IN Residents See Increase Of Coyote Sightings

Indiana Department of Natural Resources tells us that an increase in winter coyote sightings is no cause for alarm.

(Indianapolis, Ind.) - Coyote sightings are increasing around this time of year, and the Indiana Department of Natural Resources says that this is not uncommon or a cause for alarm. 

With coyotes being common throughout the entire state, even in urban areas, the winter activity and bare vegetation increases your chances of catching a glimpse of these animals. 

The young coyotes start leaving their parents to find a new home, which makes them more visible around this time. 

Starting in January, coyotes will become even more active looking for mates to breed with.

Although you may be seeing more coyotes, this does not mean that they are increasing in number. 

Coyotes enjoy eating animals and plants that are common around yards and homes, including rabbits, mice, fruit, and squirrels. This includes the abundant food that comes with human development, which means "where people are, coyotes follow."

Weighing between 20-30 pounds and appearing bigger than they actually are with their thick winter fur, this can cause concern when it comes to the safety of pets. To reduce the possibility of negative interaction between your pets and any wildlife, you should keep your pets leashed, in a kennel with a secure top, or indoors.  

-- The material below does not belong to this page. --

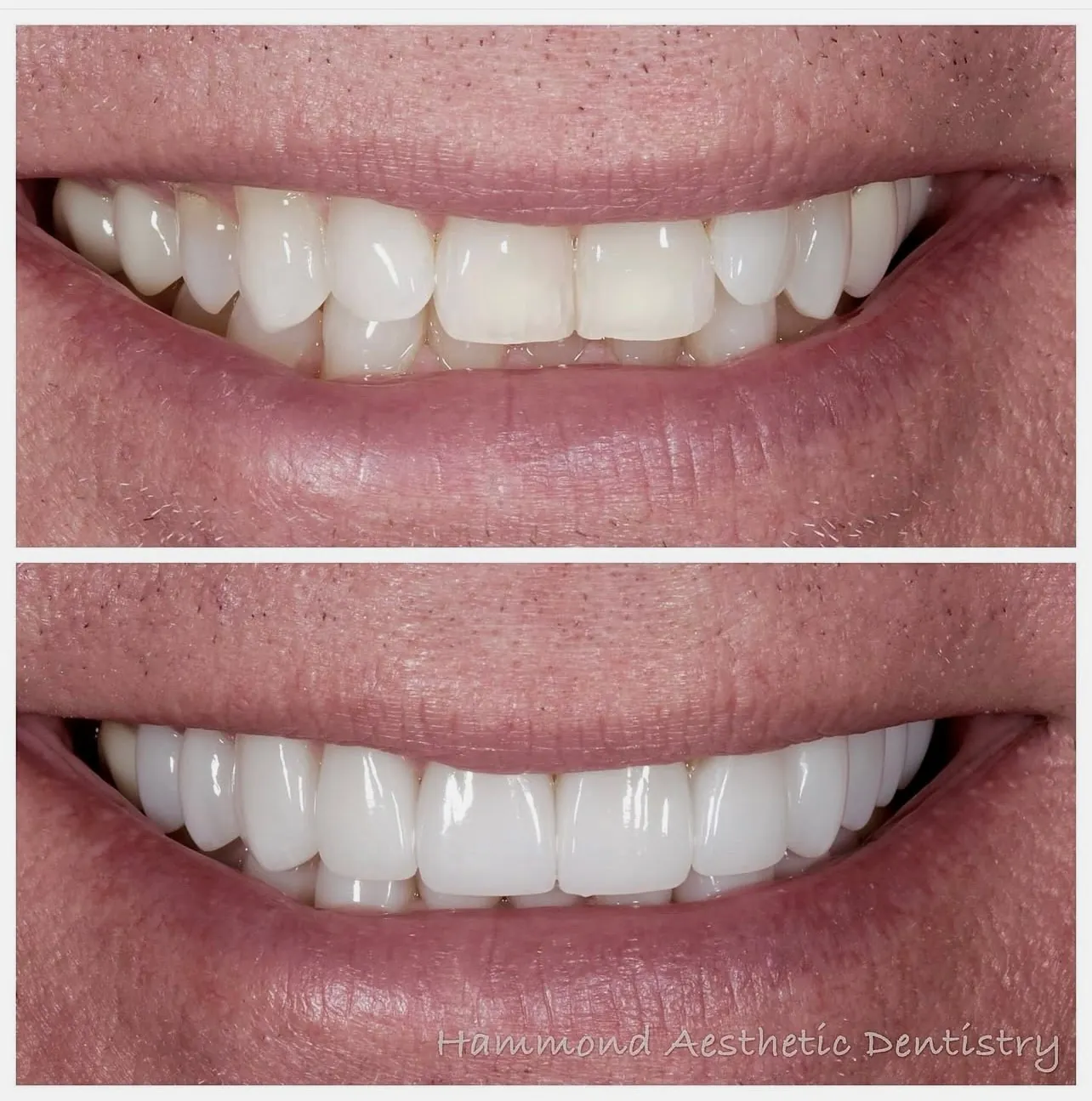 Utah County patient shows off his before and after dental treatment at Provo dentist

Although problems between coyotes and people are uncommon, you should follow these DNR tips for making your property less attractive to coyotes:

  • Clean up fallen fruit from trees or gardens.
  • Keep garbage secure.
  • Make sure pet food and treats are not left outside.
  • If you see a coyote around your yard, take down bird feeders; coyotes could be attracted to the rodents eating the seeds.
  • Never intentionally feed a coyote, which could result in its losing its fear of people.

"Making a coyote feel unwelcome around people can help maintain its natural fear of humans, but never corner or chase a coyote – you should always allow it to have a clear escape path to get away from you," says the Department of Natural Resources. 

If you come into contact with a coyote and want it to go away, try to make it "uncomfortable." The DNR suggests these actions:

  • Yell.
  • Wave your arms.
  • Spray it with a hose.
  • Throw tennis balls or small stones at it, but don’t throw anything that could be food, like apples.
  • Carry a jar of coins to shake or a small air horn to make noise.

Even though keeping coyotes at a distance is important, these animals are members of Indiana's wildlife community which help control rodent populations and clean up carrion.